An Apple That Keeps Growing
Apple’s revenue has seen a tremendous increase on an annual basis, gaining more than 41% in the last five years. Apple’s success story and market capturing ability isn’t showing any signs of fading away. The company has a strong cash position with $100 billion in the bank.
Apple’s success can be attributed by record sales of more than 50 million units of the iPhone in the holiday quarter. The newest iPad’s record sales were the cherry on the cake for the company. The highly anticipated iPhone 6 is still in the pipeline and the high anticipation of the device is a great sign for Apple.
As far as opportunity to sell its products is concerned, there is no dearth of it. The booming market for smartphones in China, where users are now moving to 3G devices, is one big opportunity for Apple. So, Apple will find more takers for its iPhones as a result of Chinese smartphone growth. In addition, the company is of the opinion is that the growing complexity of connectivity solutions will lead to a bump in its addressable market.

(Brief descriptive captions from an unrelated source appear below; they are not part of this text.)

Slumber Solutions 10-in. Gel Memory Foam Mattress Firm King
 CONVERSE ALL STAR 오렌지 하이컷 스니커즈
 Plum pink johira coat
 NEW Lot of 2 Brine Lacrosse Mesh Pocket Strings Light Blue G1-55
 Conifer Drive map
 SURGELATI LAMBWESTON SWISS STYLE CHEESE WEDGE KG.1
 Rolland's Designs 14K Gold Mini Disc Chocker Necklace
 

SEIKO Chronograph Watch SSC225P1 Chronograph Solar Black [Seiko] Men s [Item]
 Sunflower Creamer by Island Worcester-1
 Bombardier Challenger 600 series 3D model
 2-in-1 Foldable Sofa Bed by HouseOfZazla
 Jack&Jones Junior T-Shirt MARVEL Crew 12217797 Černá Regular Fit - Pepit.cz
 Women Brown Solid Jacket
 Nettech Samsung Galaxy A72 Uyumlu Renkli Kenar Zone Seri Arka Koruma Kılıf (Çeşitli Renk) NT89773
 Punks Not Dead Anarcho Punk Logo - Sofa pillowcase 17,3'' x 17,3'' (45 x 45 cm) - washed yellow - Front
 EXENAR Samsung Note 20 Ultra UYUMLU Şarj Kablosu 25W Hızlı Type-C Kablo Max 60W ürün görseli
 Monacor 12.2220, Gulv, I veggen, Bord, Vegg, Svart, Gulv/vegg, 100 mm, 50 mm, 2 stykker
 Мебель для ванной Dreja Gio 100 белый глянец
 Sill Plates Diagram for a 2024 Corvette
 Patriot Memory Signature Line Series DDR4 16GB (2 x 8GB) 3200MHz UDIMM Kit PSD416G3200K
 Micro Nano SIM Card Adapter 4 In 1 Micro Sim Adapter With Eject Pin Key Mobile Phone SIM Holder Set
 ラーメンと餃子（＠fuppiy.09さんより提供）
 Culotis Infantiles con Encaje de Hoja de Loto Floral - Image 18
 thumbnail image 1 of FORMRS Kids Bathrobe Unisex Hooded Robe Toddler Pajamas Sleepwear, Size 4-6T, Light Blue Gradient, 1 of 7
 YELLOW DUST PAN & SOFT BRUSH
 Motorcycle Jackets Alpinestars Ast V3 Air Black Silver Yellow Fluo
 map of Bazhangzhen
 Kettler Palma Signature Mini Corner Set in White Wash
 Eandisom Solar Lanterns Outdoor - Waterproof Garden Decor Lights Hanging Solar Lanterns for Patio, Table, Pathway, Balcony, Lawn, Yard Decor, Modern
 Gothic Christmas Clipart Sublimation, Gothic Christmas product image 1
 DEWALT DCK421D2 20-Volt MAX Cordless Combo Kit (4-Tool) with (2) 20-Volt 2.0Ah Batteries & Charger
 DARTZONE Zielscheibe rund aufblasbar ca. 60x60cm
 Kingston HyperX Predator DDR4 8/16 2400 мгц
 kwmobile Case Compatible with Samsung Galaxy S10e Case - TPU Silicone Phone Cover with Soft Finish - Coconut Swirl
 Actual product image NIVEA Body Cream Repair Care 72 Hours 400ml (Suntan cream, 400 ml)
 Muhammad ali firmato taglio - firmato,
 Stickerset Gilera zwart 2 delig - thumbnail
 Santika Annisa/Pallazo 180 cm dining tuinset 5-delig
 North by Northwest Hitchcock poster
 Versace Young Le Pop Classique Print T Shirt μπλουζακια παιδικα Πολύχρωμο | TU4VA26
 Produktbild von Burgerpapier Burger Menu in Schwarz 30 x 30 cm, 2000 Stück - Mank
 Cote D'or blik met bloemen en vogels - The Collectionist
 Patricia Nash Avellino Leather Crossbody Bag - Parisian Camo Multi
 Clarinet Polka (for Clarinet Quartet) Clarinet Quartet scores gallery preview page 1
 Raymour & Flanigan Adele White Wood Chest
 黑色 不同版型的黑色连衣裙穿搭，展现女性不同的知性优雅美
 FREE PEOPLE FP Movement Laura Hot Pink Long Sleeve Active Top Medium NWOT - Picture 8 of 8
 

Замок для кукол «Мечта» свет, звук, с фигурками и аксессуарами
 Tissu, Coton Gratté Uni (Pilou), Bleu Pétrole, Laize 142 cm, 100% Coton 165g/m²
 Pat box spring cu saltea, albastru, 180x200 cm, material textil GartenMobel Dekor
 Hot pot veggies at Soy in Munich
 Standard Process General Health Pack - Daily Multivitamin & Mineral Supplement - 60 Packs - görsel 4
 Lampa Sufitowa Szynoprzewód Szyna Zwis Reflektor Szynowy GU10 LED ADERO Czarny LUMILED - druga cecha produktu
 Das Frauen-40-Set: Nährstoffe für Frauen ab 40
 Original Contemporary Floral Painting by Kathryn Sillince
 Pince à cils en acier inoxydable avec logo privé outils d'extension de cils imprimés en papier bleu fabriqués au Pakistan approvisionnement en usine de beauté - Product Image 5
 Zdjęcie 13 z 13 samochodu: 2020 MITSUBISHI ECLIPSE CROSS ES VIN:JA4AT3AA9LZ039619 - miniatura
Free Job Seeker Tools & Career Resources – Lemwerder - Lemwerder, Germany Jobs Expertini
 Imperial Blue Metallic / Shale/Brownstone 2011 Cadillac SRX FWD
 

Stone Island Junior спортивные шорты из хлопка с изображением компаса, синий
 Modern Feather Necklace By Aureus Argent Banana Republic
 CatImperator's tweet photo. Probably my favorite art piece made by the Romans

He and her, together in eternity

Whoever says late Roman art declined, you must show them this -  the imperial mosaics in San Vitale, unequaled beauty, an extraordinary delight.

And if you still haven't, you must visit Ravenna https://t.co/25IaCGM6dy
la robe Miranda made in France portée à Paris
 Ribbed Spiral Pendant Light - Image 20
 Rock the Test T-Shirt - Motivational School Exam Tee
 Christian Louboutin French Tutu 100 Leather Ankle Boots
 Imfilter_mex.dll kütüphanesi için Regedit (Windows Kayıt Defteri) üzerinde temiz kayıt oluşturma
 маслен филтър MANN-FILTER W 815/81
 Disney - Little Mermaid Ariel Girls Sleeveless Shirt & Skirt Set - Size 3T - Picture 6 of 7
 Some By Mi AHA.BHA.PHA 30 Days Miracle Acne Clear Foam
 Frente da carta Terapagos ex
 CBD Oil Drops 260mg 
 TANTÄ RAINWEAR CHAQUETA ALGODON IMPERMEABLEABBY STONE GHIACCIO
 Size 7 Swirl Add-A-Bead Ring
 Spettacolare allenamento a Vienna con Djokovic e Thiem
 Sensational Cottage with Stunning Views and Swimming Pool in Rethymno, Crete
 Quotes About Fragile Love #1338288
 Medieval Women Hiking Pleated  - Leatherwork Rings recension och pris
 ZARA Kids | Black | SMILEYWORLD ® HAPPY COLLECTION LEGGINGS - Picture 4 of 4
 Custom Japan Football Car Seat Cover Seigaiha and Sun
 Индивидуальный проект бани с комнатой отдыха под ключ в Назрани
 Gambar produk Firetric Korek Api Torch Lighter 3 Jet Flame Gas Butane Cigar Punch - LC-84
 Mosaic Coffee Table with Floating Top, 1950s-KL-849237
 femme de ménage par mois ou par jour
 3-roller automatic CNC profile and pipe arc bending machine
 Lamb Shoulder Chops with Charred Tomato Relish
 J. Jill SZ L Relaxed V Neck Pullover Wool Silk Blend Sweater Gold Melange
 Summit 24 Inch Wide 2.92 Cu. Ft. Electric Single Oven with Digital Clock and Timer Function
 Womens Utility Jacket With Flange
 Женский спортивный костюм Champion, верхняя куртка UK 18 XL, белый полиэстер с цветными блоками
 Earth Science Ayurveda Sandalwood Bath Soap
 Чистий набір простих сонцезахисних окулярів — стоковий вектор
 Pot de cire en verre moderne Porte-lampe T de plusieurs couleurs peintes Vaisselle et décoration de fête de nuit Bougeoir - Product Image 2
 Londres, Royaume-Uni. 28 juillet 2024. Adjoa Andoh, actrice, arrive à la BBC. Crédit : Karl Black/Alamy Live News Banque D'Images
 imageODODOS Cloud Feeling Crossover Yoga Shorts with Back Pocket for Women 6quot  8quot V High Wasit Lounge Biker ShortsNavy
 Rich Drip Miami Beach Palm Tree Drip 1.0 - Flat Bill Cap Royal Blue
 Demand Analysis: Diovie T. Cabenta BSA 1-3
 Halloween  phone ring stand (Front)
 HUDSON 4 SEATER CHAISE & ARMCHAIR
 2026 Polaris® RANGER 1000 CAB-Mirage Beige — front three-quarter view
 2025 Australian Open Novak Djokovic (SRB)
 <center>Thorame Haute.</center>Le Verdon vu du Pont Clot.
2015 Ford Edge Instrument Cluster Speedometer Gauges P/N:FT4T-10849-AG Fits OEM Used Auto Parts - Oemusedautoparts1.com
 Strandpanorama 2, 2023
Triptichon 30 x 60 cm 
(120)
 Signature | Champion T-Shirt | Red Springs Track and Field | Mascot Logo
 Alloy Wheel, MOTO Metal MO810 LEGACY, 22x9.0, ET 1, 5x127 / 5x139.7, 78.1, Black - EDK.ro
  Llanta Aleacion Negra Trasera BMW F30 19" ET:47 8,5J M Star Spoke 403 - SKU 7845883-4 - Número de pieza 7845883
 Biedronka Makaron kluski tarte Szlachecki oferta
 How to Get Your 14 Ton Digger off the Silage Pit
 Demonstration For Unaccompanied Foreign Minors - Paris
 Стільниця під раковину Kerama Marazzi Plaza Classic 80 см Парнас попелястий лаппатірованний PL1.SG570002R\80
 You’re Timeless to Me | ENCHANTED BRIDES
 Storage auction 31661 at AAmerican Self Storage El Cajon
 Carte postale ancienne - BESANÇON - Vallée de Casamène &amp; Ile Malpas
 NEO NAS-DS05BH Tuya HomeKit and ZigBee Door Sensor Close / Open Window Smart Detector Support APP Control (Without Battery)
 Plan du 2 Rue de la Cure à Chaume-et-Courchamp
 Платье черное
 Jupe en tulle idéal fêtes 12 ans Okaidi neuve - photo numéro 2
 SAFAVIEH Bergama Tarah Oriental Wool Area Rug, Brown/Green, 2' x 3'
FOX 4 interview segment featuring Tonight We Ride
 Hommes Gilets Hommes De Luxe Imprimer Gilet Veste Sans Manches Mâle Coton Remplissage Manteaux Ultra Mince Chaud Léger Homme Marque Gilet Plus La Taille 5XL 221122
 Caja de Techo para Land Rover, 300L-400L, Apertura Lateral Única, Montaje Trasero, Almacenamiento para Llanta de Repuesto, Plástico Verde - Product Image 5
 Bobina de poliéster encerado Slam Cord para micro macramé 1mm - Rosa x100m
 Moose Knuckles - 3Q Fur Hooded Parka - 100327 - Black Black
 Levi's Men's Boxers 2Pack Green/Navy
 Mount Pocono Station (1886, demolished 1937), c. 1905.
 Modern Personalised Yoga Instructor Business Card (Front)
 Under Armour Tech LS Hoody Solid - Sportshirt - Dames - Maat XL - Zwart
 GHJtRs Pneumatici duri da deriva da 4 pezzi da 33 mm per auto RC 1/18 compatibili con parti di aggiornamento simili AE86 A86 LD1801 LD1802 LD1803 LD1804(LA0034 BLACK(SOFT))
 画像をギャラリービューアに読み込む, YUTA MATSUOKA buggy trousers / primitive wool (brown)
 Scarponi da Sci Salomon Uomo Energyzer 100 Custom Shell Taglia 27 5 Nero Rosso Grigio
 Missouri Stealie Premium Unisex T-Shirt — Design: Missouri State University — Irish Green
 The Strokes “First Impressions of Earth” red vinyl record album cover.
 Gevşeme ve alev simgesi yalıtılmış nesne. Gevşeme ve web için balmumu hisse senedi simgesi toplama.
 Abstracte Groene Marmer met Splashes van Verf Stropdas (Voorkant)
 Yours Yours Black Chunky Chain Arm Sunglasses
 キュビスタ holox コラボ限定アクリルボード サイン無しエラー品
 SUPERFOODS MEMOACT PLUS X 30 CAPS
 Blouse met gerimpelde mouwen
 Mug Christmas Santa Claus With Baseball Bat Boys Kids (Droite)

So, once the migration to 4G devices in China begins, Apple will have an even bigger playing field at its disposal. Presently, telecom major China Mobile is the one looking to roll out LTE in the nation. It began testing its TD-LTE network earlier this year in Guangzhou and Shenzen and is expected to officially roll out its network for public use next month. Once China Mobile’s LTE network is deployed, we should see more devices supporting the technology and Apple's addressable market should increase further, and probably at higher margins.
Mountain of Cash
Apple has a mountain of cash. The company’s financials are strong and are expected to be better than before in the future. As Apple is expected to generate about $60 billion in cash this year, the company is confident of funding its investments and innovations. This will certainly support Apple, considering that it plans to give away around $45 billion over a period of three years in buybacks and dividends. So, spending on dividend and buyback initiatives isn’t a problem for Apple.
Why You Can Still Have a Bite
Comparing Apple’s ratios with Google, Apple lags behind Google with trailing P/E of 16.89 while Google has a trailing P/E of 21.37. If we look at Apple’s forward P/E of 12.27, it is evident that its forward P/E is still lower than its trailing P/E.
Apple still has better prospects. Sound fundamentals, fantastic products, solid financial performance and dividends are qualities that one looks for in a stock. The presence of all these in Apple makes it a stock worth including in a portfolio.